The memorial service a few days later in Sacramento was attended by several hundred people, many of Zippo's business associates, the Scouting community, and dozens of RCU and RBU members who had flown in. Not long after, the owners of VFTT decided that they could not handle a world-wide set of forums, preferring to concentrate on the Northeastern US. In part this was because they were graduating and had a different idea of the direction they wanted VFTT to go. Their first inclination was to simply shut down RBU and RCU. But the MacLeays stepped up and offered to buy the site names and archives. Many of the RCU and RBU members migrated to the new Trailspace, which has since expanded its functions, while preserving the array of experienced and expert outdoors folks who willingly continue to offer helpful advice to both the raw newbie and to the people trying new aspects of the outdoors.

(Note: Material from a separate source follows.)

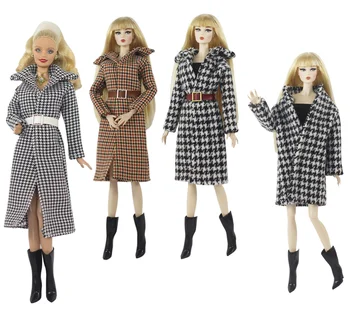 Dugi kaput u mrežu / odjeća, kaputi, odjeću za Barbie lutke 1/6 BJD Xinyi FR ST / božićno odjeća za lutke 30 cm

The foundation was laid mostly spontaneously as RBU and RCU grew. The MacLeays have nurtured the further growth of the community by providing the framework and means of expansion of more detailed interest areas. The spirit, however, is one that is widespread through the already-existing community of "woodsy" folks and "dirt-bag" climbers. Yes, there are the occasional trouble-makers. But the tradition of welcoming and introducing people who are willing to learn the outdoors ethic underlies it all. This is a community that cares for each other and about each other, one in which the members help one another become better stewards of the outdoor world in which we prefer to live.

That is one aspect of "community", a very positive one. There is another, in my opinion unfortunate, aspect of the use of the word "community" in play at this time. I saw the notice for the round table discussion that Alicia has been invited to participate in. I hope that she will put in a strong word supporting the type of "community" that is Trailspace's heritage and strength, the sharing of knowledge, support for members of the community, and support for our planet's fragile environment.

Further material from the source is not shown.